9). Saling memaafkan diantara sesama umat Islam. Hal ini sesuai dengan Hadits Nabi SAW dan Firman-Nya :

“ Jadilah engkau seorang yang pemaaf……..”. ( QS Al A’raf 7:199 )

“ Barang siapa didatangi sahabatnya mohon dilepaskan dari kesalahannya hendaklah diterimanya baik sifatnya membenarkan atau membatalkan. Barang siapa tidak berbuat demikian niscaya ia tidak akan dapat mendatangi kolam-Ku pada hari kiamat “.( HR Al Hakim )

10).
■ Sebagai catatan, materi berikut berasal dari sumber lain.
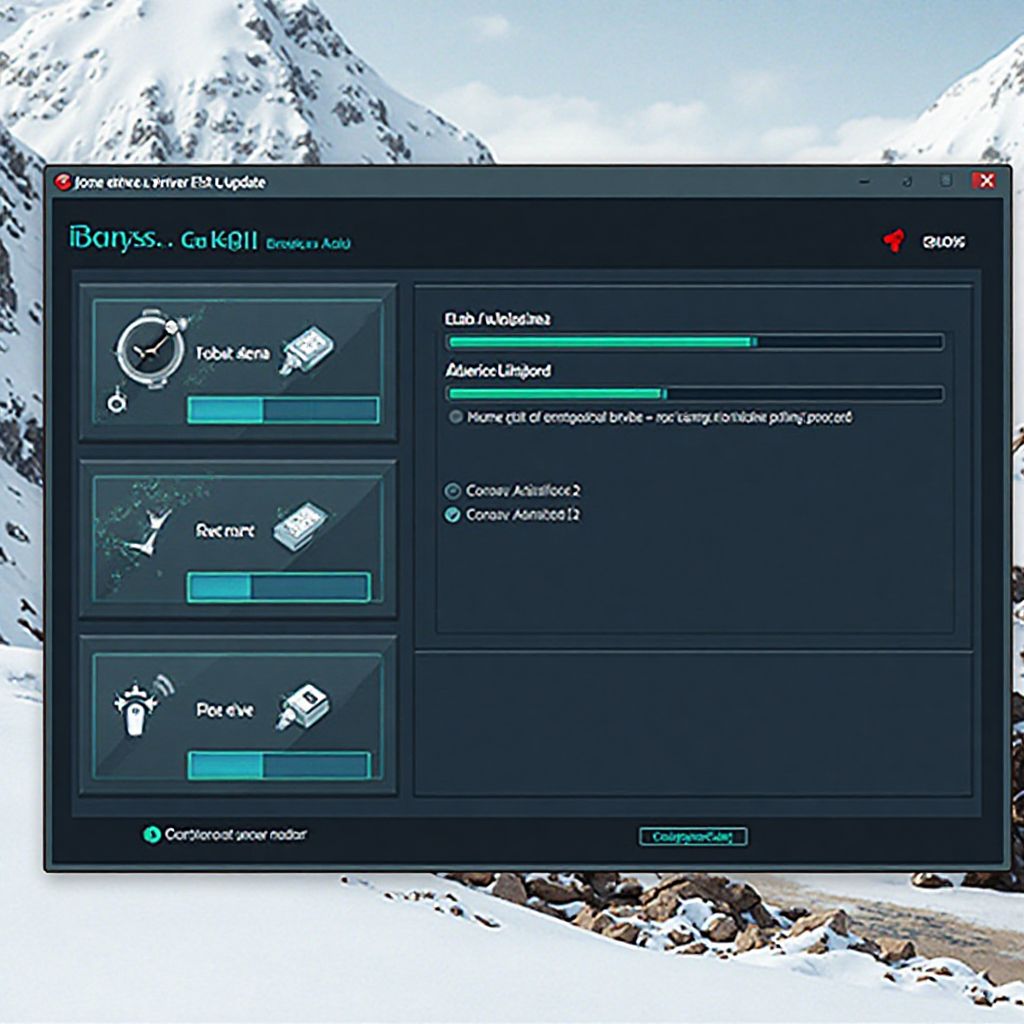 Оновлення драйверів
Selalu mendamaikan sengketa yang terjadi diantara sesama muslim. Janganlah berpihak kepada salah seorang diantara mereka . Tetapi damaikanlah dengan cara yang baik dan lemah lembut . Hal ini sesuai dengan firman-Nya dan Hadits Nabi SAW :

“ Sesungguhnya orang-orang mukmin itu bersaudara karena itu damaikanlah antara kedua saudaramu”..( QS Al Hujurot 49 : 10 )
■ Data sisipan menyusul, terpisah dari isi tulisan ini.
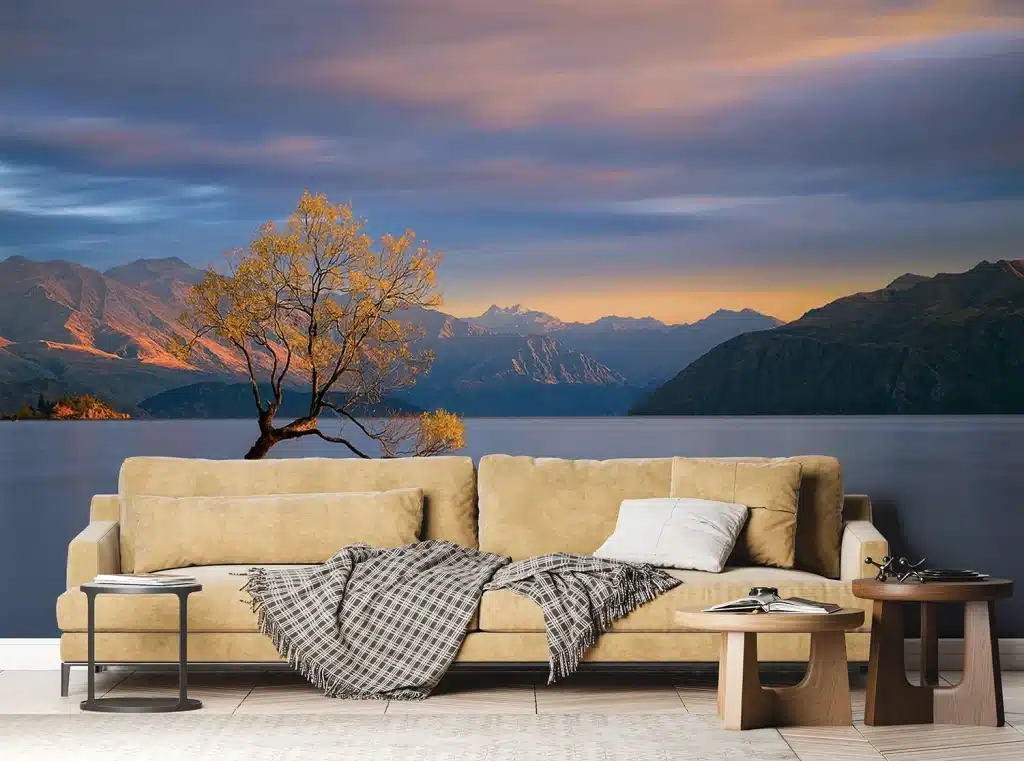 Wall Mural Charming Sunset, Made to Measure, FTNXXL 3015 4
“ Sedekah yang paling baik adalah mendamaikan orang yang berselisih “.( HR Thabrani )

“ Bukanlah pendusta orang yang mendamaikan sesama manusia lalu dikembangkannya kebaikan atau diucapkannya perkataan yang baik-baik “. (HR Bukhori )

11). Selalu bertegur sapa dan beramah tamah diantara sesama muslim. Sesuai dengan Hadits Nabi SAW :

“Apabila salah seorang kamu mengasihi saudaramu pada jalan Allah maka hendaklah ia mengajarinya karena hal itu melebihlamakan keramah-tamahan dan lebih memantapkan kemesraan “. ( HR Bukhari )
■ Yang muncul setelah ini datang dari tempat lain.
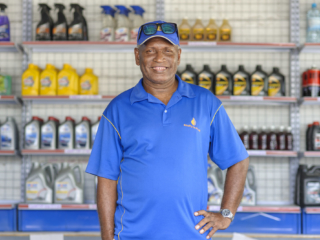 Toata Molea business owner in Honiara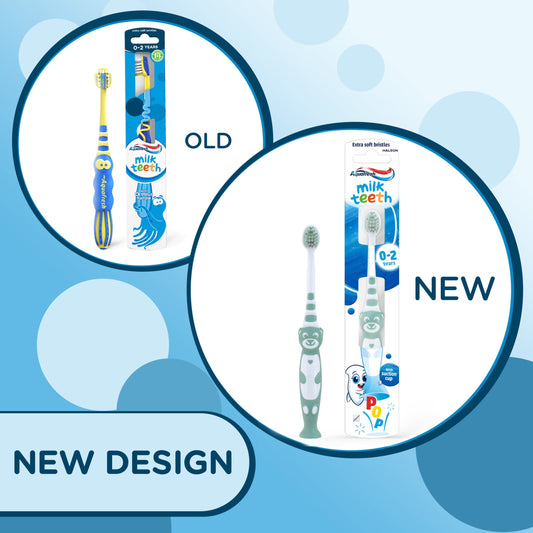 Aquafresh Milk Teeth Toothbrush 0-2 Years — image 2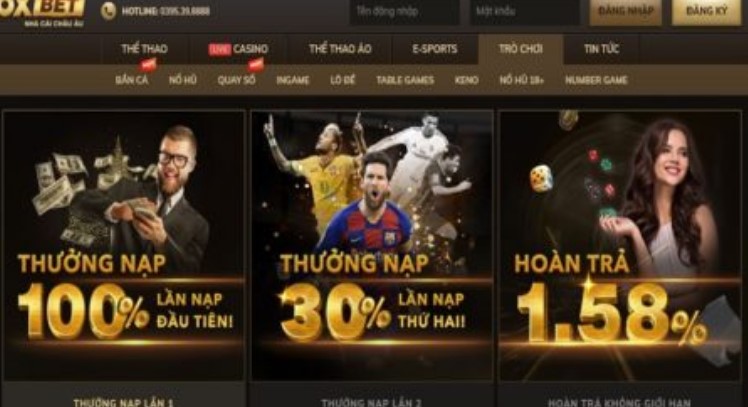 Những đặc điểm nổi bật của OXbet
“ Bila anda bersahabat dengan seseorang tanyalah namanya dan nama ayahnya atau bertegur sapa . Jika ia tidak ditempat, anda menjaganya , dan jika ia sakit, anda menjenguknya dan jika ian meninggal dunia anda menyaksikannya atau mengiringinya “. ( HR Al Baihaqi )

12). Selalu melapangkan tempat duduk kepada sesama muslim atau orang lain ketika sedang mengikuti suatu majelis sesuai dengan hadits Nabi SAW :

“ Sesungguhnya bagi seorang muslim itu ada hak apabila melihat saudaranya datang, ia menjauhkan diri atau menyediakan tempat untuknya “.( HR Al Baihaqi )

13). Selalu menempati janji sesama muslim apabila kita terlibat janji. Karena masa menunggu itu adalah salah satu pemberian yang dikalangan Ahlullah adalah hutang. Dan mungkir janji adalah sebagian tanda-tanda munafik. Hal ini sesuai dengan hadits Nabi SAW :

“ Tanda-tanda munafik itu ada tiga yaitu apabila berbicara dia dusta, apabila berjanji dia mungkir dan apabila dipercaya dia berkhianat “. ( HR Bukhari )

Demikianlah beberapa hikmah yang dapat kita ambil sebagai pelajaran yang sangat mendalam dari sebuah penyelenggaraan kegiatan halal bi halal, semoga kita dapat mengaktualisasikannya dalam kehidupan sehari-hari. Kurang lebihnya mohon maaf, akhirul kalam, wabillahi taufik wal hidayah wassalamu’alaikum Wr. Wb.